» Activity
Please transcribe the listing below in full, exactly as written, leaving out its pictures.

++++ Collected material

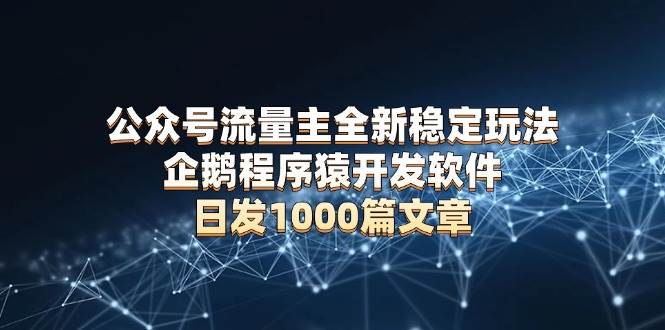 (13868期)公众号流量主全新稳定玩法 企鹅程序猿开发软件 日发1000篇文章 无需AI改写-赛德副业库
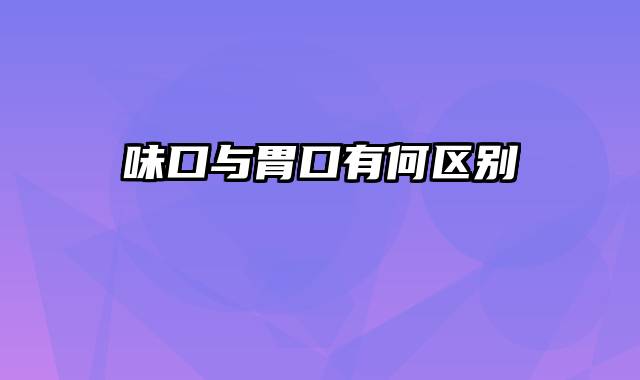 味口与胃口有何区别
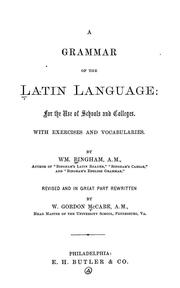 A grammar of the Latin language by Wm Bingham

++++++++

» Task solution
 (13868期)公众号流量主全新稳定玩法 企鹅程序猿开发软件 日发1000篇文章 无需AI改写-赛德副业库
 味口与胃口有何区别
 A grammar of the Latin language by Wm Bingham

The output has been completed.